# Work to be completed
Below are some entries. Repeat exactly the lines from the one with "Immagine prodotto Sudio" through the one with "Maserati Men's Watch, SFIDA", and only those.

# Raw data
* * *

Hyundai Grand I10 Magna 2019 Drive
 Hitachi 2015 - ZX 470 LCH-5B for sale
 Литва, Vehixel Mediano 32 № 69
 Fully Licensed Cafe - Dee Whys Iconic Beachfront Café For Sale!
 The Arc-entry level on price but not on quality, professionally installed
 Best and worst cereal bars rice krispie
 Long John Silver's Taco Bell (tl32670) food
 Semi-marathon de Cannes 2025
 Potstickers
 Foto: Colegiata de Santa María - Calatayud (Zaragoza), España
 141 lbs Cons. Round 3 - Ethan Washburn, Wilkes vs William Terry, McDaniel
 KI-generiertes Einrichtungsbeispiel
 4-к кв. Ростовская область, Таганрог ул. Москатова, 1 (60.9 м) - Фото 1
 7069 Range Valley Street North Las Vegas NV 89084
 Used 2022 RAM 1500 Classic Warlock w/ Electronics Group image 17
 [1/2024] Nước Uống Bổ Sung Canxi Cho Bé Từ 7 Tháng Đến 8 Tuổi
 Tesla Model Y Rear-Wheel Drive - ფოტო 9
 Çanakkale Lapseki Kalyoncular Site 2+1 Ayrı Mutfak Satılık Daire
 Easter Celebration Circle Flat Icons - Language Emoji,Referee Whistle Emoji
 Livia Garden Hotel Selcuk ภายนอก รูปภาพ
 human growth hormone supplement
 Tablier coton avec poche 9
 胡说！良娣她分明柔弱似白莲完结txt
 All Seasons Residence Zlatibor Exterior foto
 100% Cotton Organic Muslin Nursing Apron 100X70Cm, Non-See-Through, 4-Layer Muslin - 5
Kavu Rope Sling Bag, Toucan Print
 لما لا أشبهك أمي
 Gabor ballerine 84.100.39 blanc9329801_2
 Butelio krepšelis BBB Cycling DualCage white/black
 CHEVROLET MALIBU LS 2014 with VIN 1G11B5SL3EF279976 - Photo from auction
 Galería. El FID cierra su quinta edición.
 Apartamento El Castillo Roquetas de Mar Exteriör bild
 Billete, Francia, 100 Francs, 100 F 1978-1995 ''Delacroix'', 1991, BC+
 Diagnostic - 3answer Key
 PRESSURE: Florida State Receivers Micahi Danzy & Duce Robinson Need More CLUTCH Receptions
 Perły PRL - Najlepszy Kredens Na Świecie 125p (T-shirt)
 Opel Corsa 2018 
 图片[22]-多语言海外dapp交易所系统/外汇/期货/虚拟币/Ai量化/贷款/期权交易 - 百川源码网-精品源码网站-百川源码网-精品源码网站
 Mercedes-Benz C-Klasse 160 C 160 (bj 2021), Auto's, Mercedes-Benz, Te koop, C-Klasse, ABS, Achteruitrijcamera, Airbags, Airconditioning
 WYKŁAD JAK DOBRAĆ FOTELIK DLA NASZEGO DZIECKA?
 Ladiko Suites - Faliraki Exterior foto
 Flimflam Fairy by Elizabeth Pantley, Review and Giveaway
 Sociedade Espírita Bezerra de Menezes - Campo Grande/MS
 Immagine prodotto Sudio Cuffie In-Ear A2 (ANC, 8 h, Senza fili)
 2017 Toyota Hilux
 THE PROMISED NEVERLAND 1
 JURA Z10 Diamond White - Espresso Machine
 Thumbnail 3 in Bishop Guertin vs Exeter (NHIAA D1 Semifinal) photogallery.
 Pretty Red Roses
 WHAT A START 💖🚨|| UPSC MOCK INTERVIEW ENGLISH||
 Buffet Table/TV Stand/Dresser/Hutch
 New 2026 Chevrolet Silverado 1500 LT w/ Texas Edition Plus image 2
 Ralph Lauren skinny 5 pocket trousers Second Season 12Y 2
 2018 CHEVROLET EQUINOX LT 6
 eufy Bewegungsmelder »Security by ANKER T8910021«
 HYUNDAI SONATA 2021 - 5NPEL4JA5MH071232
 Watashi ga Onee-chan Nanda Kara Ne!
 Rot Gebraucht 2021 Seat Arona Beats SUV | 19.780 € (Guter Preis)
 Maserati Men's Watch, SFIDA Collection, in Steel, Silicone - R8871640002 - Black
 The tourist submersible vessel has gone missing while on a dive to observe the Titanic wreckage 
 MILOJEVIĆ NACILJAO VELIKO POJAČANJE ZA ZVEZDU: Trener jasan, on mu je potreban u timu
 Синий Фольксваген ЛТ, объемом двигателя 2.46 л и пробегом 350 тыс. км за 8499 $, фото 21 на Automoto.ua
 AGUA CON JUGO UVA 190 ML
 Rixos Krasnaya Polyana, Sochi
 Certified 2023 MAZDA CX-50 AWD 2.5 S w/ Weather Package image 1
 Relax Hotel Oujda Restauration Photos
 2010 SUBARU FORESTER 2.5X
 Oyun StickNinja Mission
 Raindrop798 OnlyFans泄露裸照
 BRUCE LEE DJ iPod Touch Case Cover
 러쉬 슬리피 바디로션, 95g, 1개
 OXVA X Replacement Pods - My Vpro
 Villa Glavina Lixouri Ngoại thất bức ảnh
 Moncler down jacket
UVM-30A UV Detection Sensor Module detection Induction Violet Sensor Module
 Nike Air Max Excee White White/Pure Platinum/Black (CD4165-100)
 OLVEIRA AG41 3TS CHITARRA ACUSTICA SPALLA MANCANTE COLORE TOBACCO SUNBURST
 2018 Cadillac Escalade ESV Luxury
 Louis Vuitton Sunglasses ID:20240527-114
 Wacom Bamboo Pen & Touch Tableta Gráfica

* * *

# Output below
 Immagine prodotto Sudio Cuffie In-Ear A2 (ANC, 8 h, Senza fili)
 2017 Toyota Hilux
 THE PROMISED NEVERLAND 1
 JURA Z10 Diamond White - Espresso Machine
 Thumbnail 3 in Bishop Guertin vs Exeter (NHIAA D1 Semifinal) photogallery.
 Pretty Red Roses
 WHAT A START 💖🚨|| UPSC MOCK INTERVIEW ENGLISH||
 Buffet Table/TV Stand/Dresser/Hutch
 New 2026 Chevrolet Silverado 1500 LT w/ Texas Edition Plus image 2
 Ralph Lauren skinny 5 pocket trousers Second Season 12Y 2
 2018 CHEVROLET EQUINOX LT 6
 eufy Bewegungsmelder »Security by ANKER T8910021«
 HYUNDAI SONATA 2021 - 5NPEL4JA5MH071232
 Watashi ga Onee-chan Nanda Kara Ne!
 Rot Gebraucht 2021 Seat Arona Beats SUV | 19.780 € (Guter Preis)
 Maserati Men's Watch, SFIDA Collection, in Steel, Silicone - R8871640002 - Black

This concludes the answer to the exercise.